Please print the listing that follows word for word, but skip any pictures it holds.

Data section Block Start

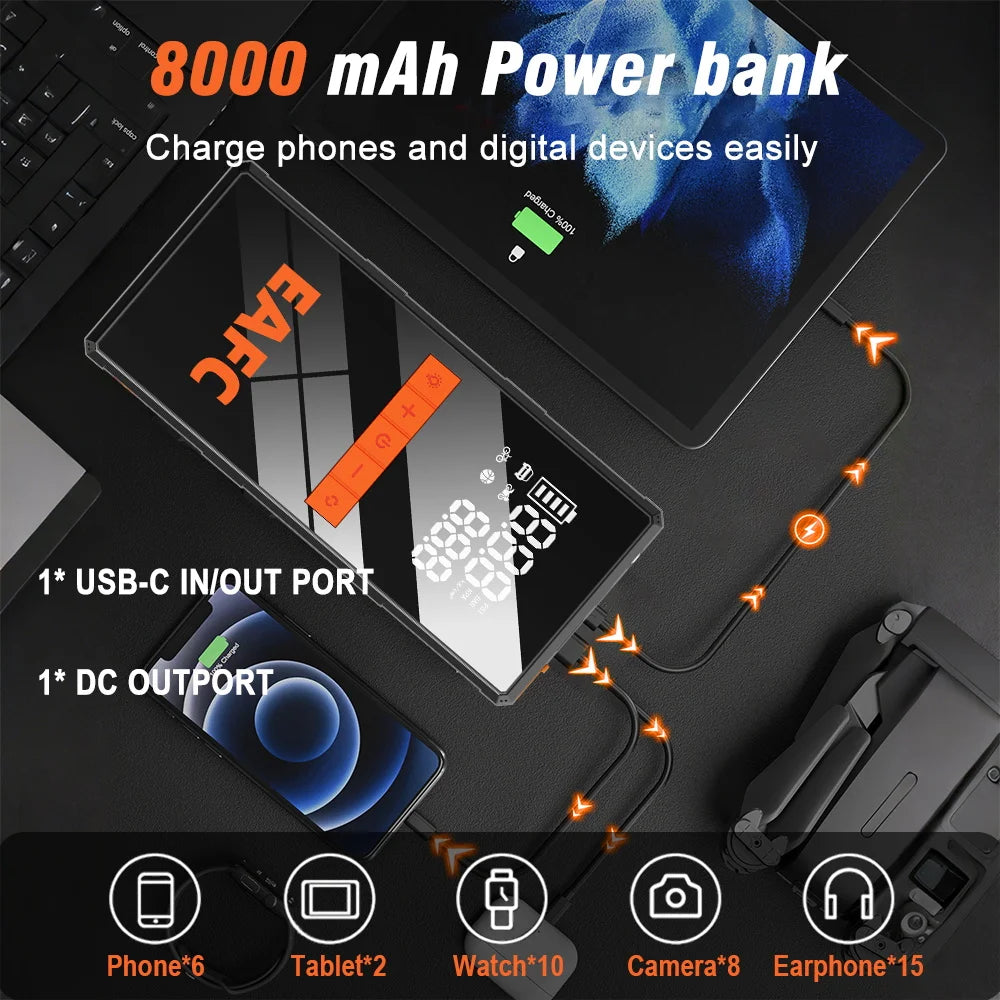 EAFC 1200A Smart Car Jump Starter with 150PSI Air Pump -8000mAh Power Bank  LED Light Smart Inflate for Cars Motorcycles Trucks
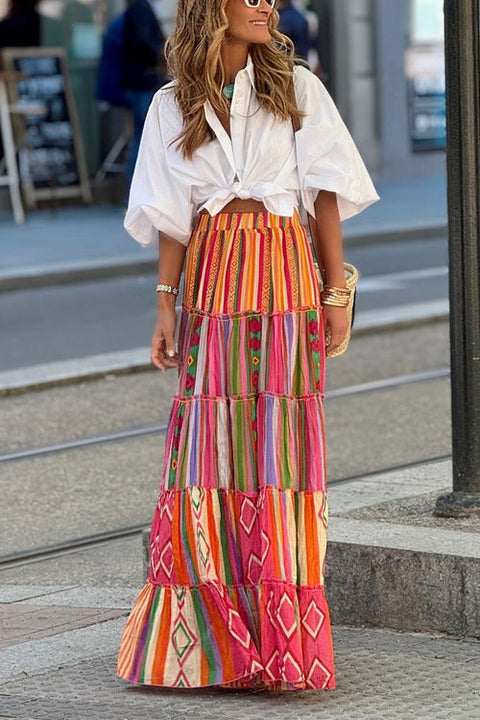 Meridress Elastic Waist Ruffle Tiered Color Block Printed Maxi Skirt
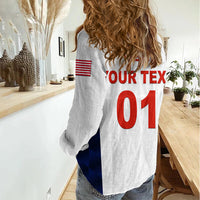 (Custom Personalised) United States National Cricket Women Casual Shirt Team USA Cricket White LT8 - Wonder Print Shop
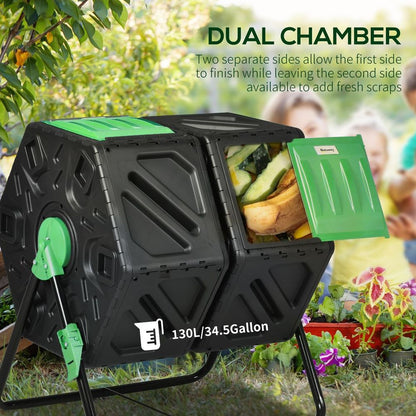 Dual Chamber Rotating Composter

Data section Block End

• _Written response_
 EAFC 1200A Smart Car Jump Starter with 150PSI Air Pump -8000mAh Power Bank  LED Light Smart Inflate for Cars Motorcycles Trucks
 Meridress Elastic Waist Ruffle Tiered Color Block Printed Maxi Skirt
 (Custom Personalised) United States National Cricket Women Casual Shirt Team USA Cricket White LT8 - Wonder Print Shop
 Dual Chamber Rotating Composter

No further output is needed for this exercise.